投資家が夏休みモードに突入して地合い悪化に直面した際の売り手は焦って売り急ぎますが、買い手は悠然と構えてチャンスとみた時にしか押し目買いに動きません。いや、日々の売買の中でも一昔前に比べれば押し目買いに動く投資家は多いと思えるのですが、最近の市場売買エネルギーが高水準であることをふまえれば、まだまだ物足りないというところなのだと思われます。

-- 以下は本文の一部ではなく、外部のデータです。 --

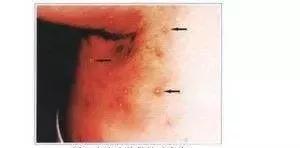 反复口腔溃疡怎么排除白塞病,反复口腔溃疡与白塞病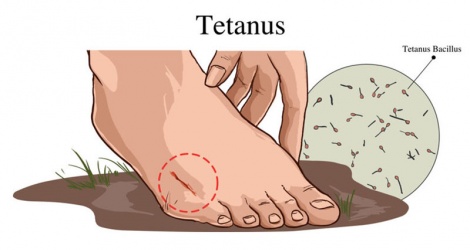 Tetanus due to being subjective with small wounds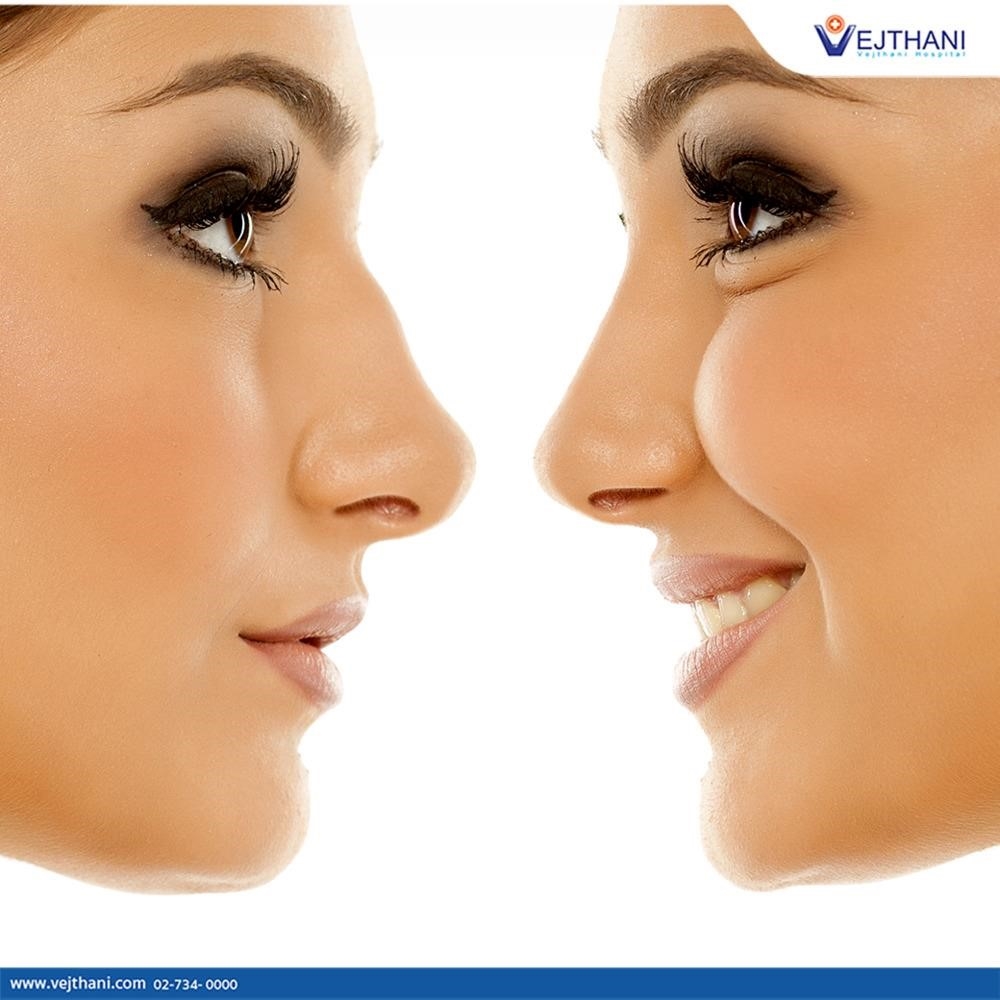 rhinoplasty surgeons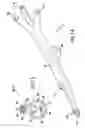 Fig. 10 - Carotid artery occluding apparatus with first and second occluding balloons
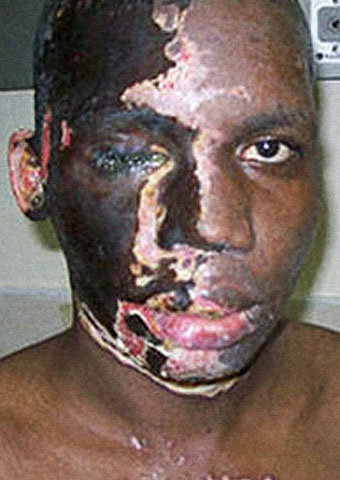 After surviving an attack by radicals who poured acid on his face and back, Pastor Umar Mulinde is returning to his family and church home in Uganda.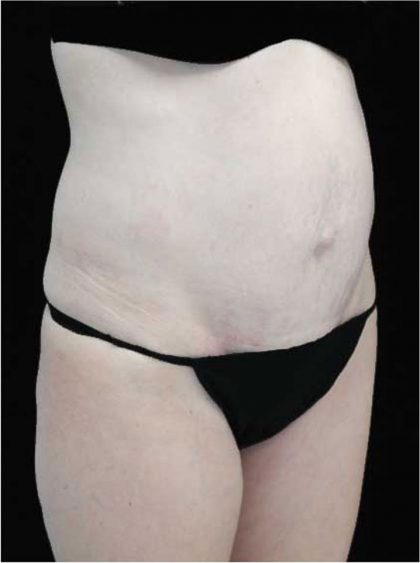 Tummy Tuck Before & After Patient #15062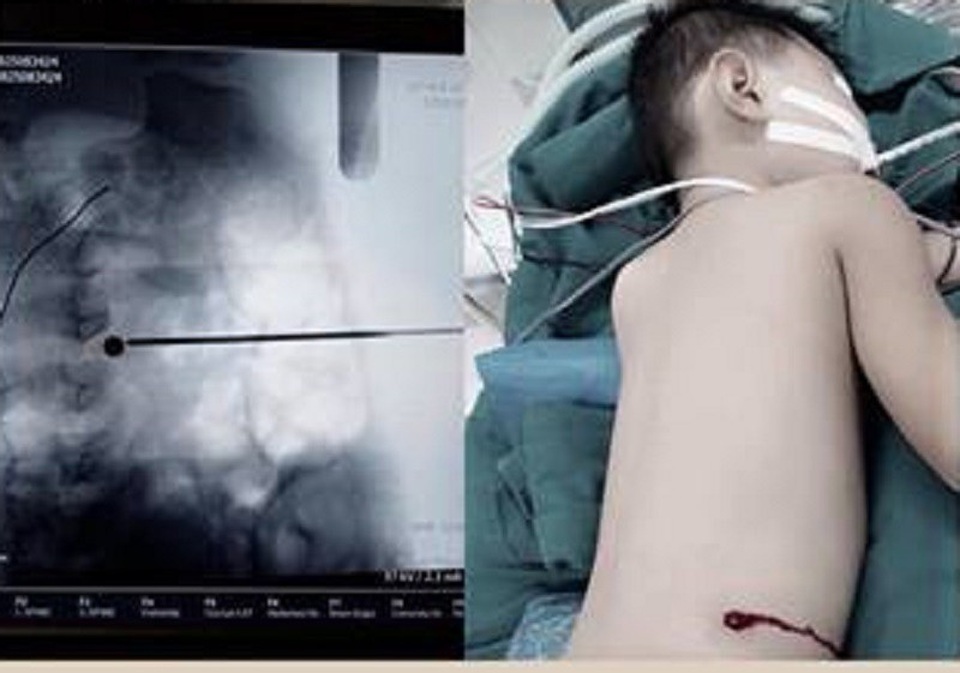 Bé trai nghịch súng bắn chim, đạn xuyên lưng nằm trong đĩa đệm - 1 Bệnh nhi bị viên đạn xuyên vào lưng tại vị trí đốt sống L4 và L5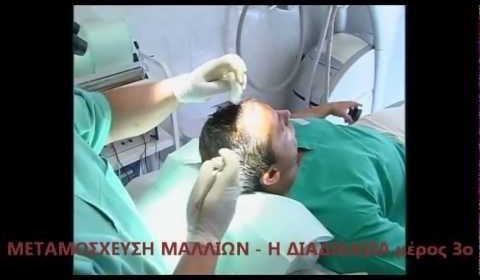 Ενημερωτικά Βίντεο Για Την Πλαστική Χειρουργική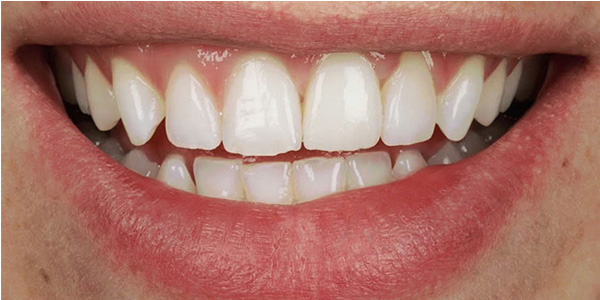 dental-implants-1b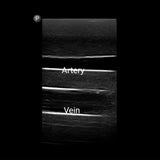 Gen II Femoral Vascular Access and Regional Anaesthesia Ultrasound Training Model BPF1500-HP | Sim & Skills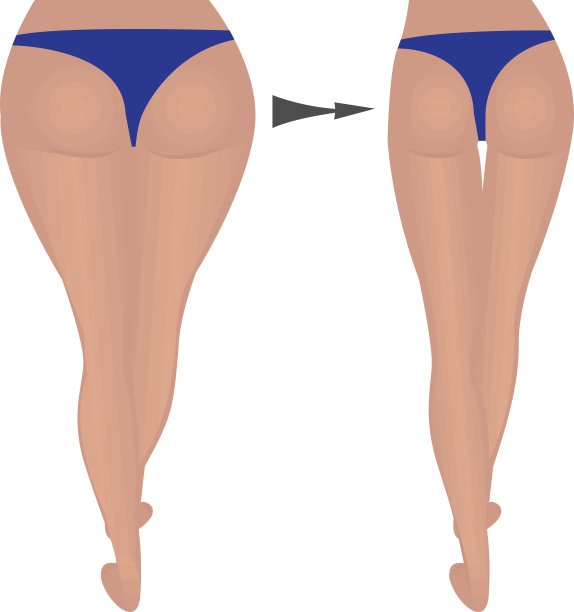 臀部减肥。脂肪和苗条。之前和之后图片下载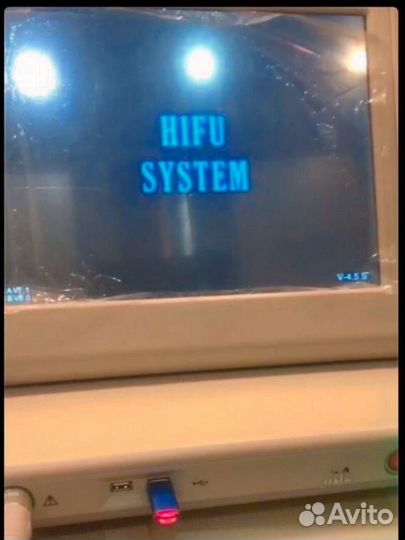 Аппарат для smas-лифтинга Альтера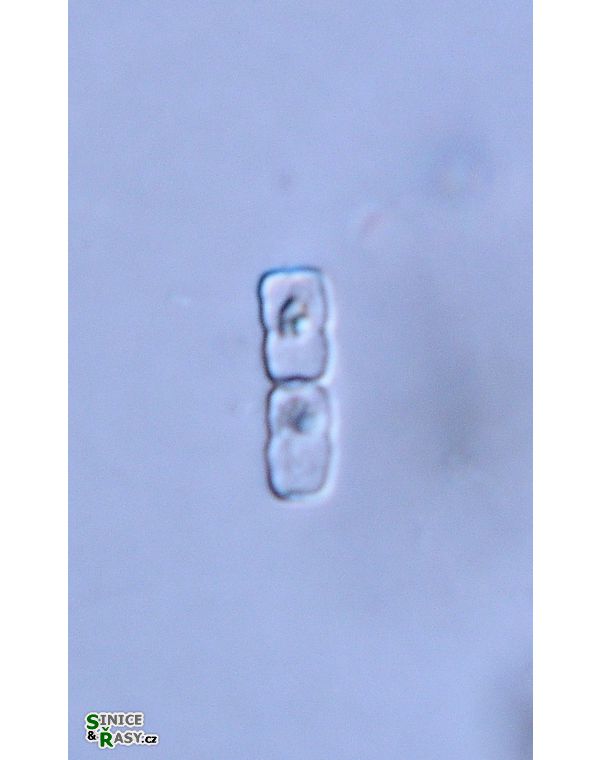 Actinotaenium geniculatum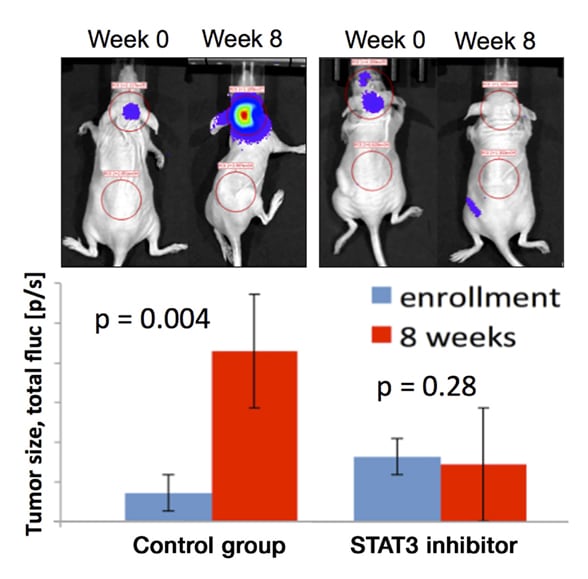 STAT3 inhibitor reduces H3K27M tumor growth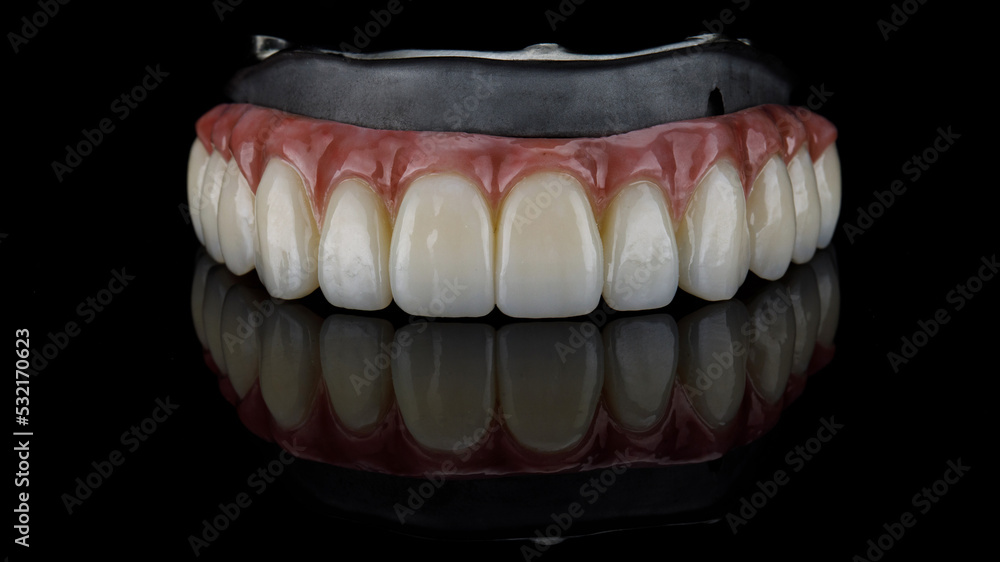 upper jaw prosthesis made of zircon and titanium bar on black background upper jaw prosthesis made of zircon and titanium bar on black background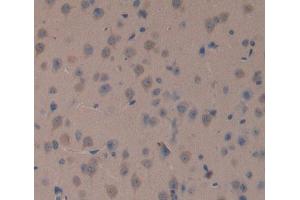Used in DAB staining on fromalin fixed paraffin- embedded brain tissue (TOP1MT antibody  (AA 11-238))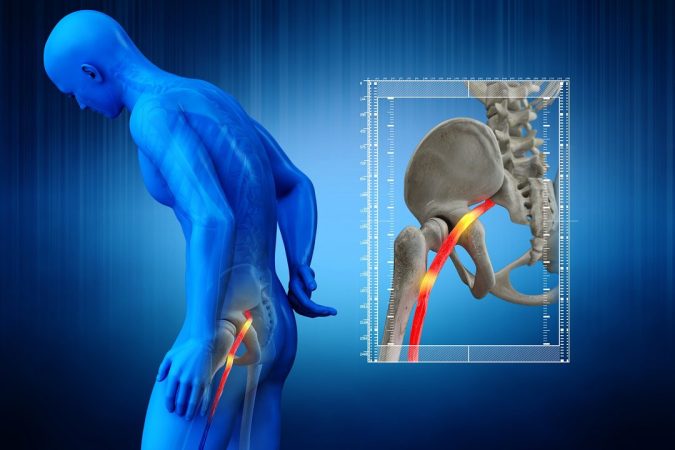 Sciatica pain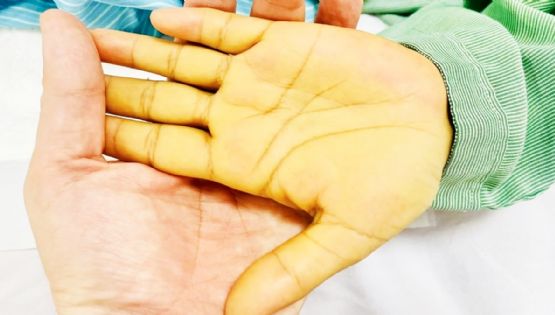 La piel de una mujer se pone de un amarillo tan intenso que casi le provoca la muerte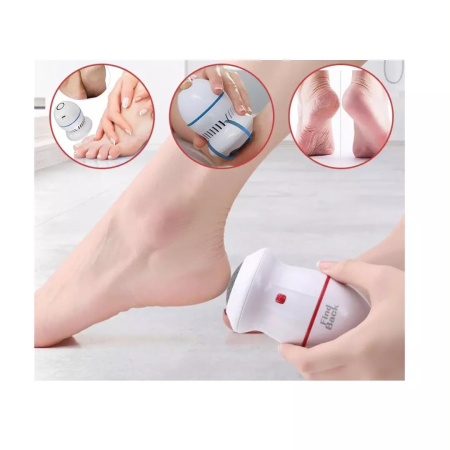 Dispozitiv Electric pentru Îndepărtarea Bătăturilor (Callus Remover) [1]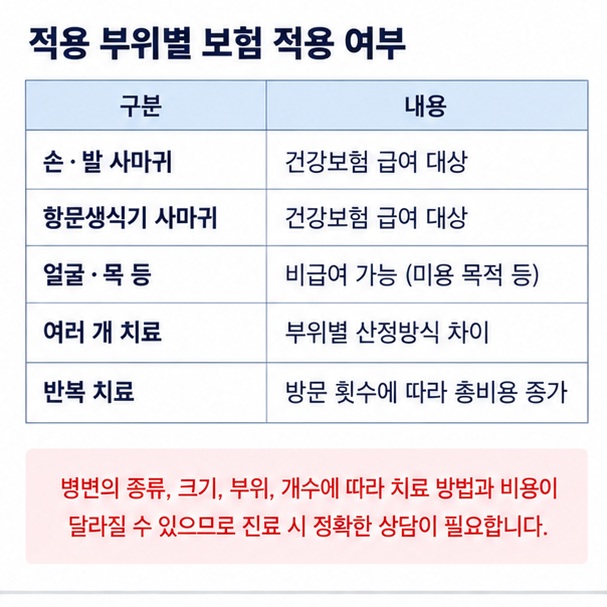 손 발 항문생식기와 얼굴 목 등 부위별 사마귀 냉동 치료 건강보험 적용과 비용 구조를 비교한 이미지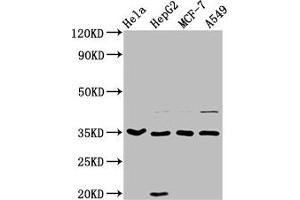 Western Blot Positive WB detected in: Hela whole cell lysate, HepG2 whole cell lysate, MCF-7 whole cell lysate, A549 whole cell lysate All lanes: AIMP1 antibody at 3. (AIMP1 anticorps  (AA 25-180))
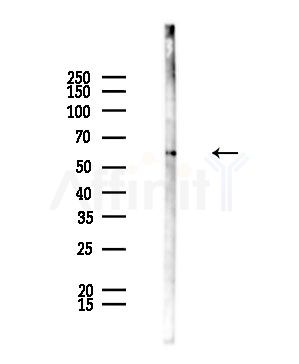 Phospho-PPAR gamma (Ser112) Antibody - Western blot analysis of lysates from Mouse testis, using Phospho-PPAR gamma (Ser112) Antibody at 1/1000 dilution.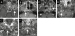 Fig. 1a-f: Skull-base metastases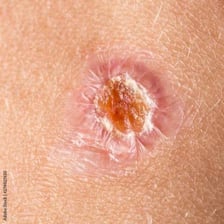 A scab forming over a healing skin wound.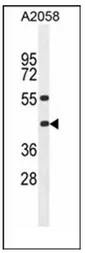 HLAB (HLA-B) (Center) Rabbit Polyclonal Antibody - image 1
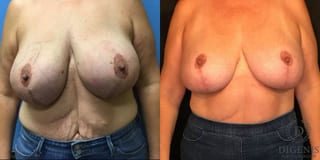 Before and after Breast Lift with or without Implants case 35088 - Angle 1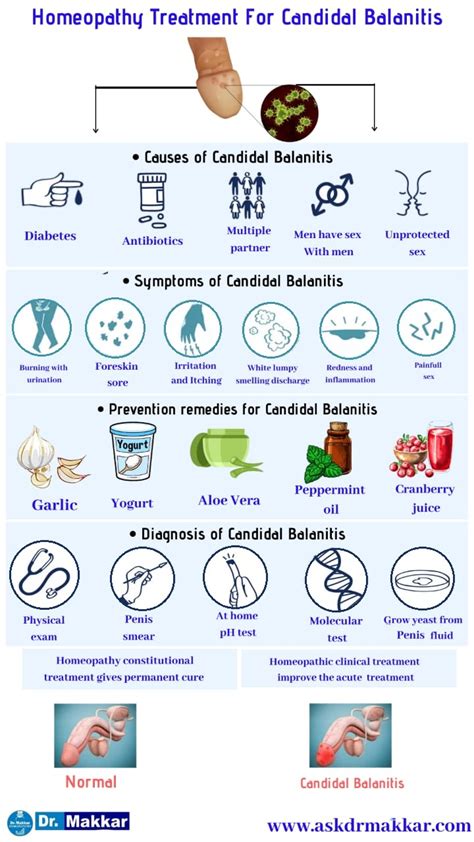 Sesión plenaria misericordia obesidad candida balanitis causes Hueso bancarrota idiota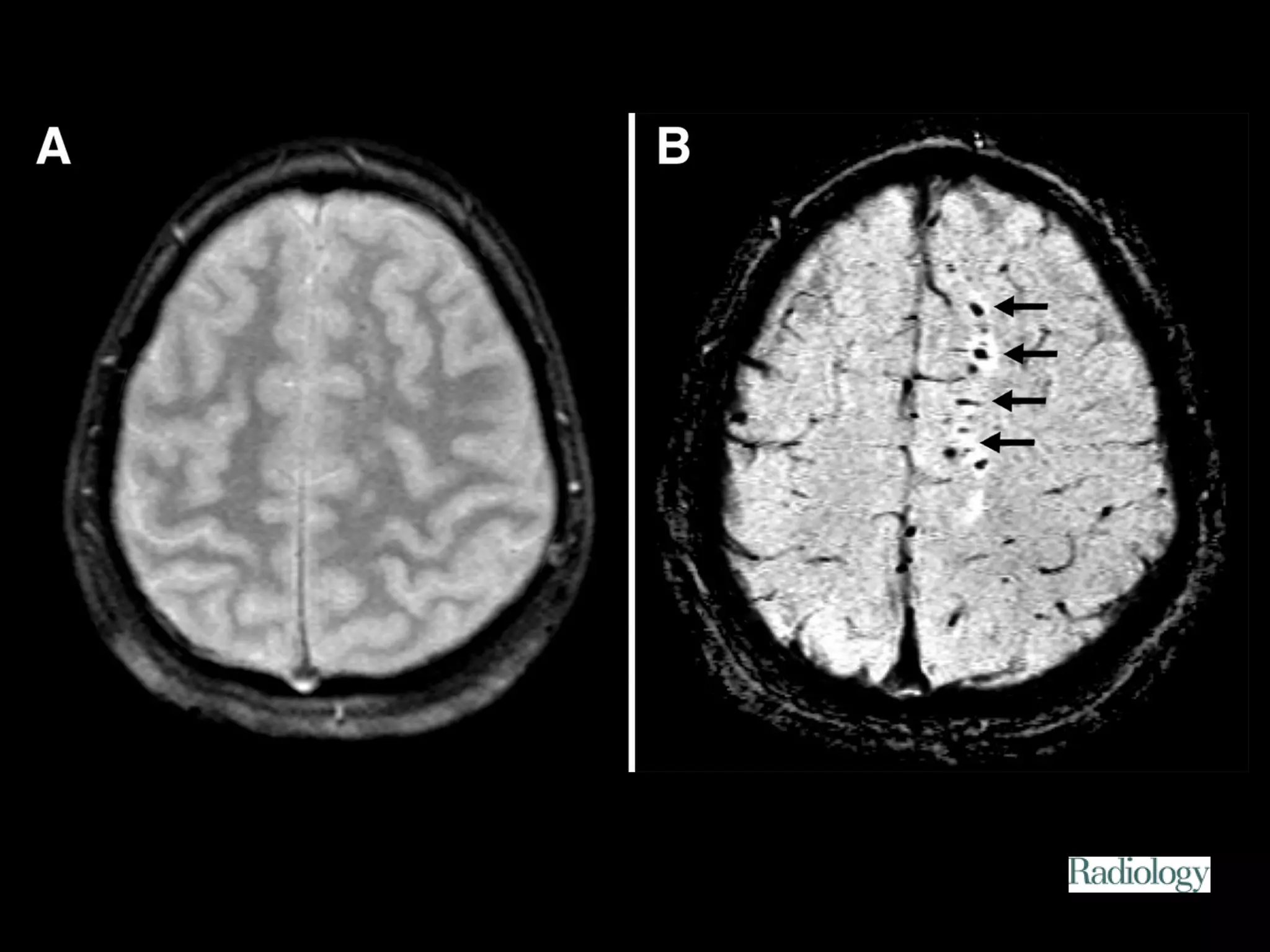 Figure 1. Patient 2. 
Tong K A et al. Radiology 2003;227:332-339 
©2003 by Radiological Society of North America 
 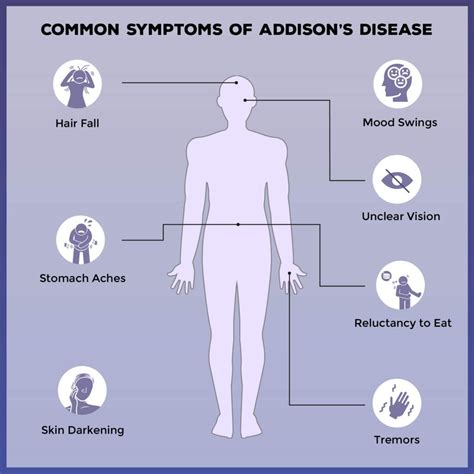 Best Addison S Disease Doctors at Jacob Shadforth blog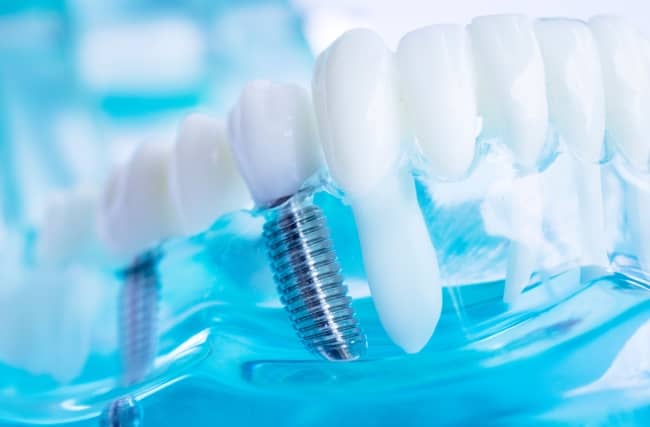 Dental implants are becoming increasingly popular due to their appearance and durability.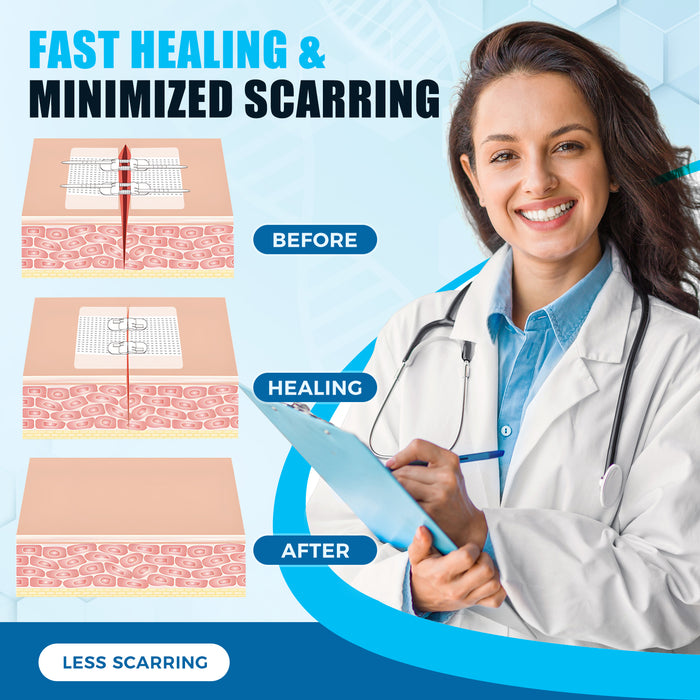 Senvok Wound Closure Device(Upgraded 2-Straps 4 PCS)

日本市場は半導体株などの調整圧力からしてみればそれでもよく耐えていると言えるかと思いますし、その原動力になっているのはやはり内需株です。好業績を裏付けとした内需株や配当利回りの高い海運株や商社株、鉄鋼株や建設株、不動産株などが指数インパクトは小さいながらに全体の下支え役となっていることで前回解説したようにTOPIXを底堅くさせているものとみられます。
ここに同じく配当利回りの高い銀行株なども加えるべきと思いますが、上述したように銀行はじめ証券、保険など金融株は足元の金融不安ネタによってやや調整をはさむ可能性もありますので、しばし様子見が賢明といったところです。もし外部環境に引っ張られて大きく売られる場面などが出てくれば、3月の時と同様に押し目買い好機となることは間違いないでしょう。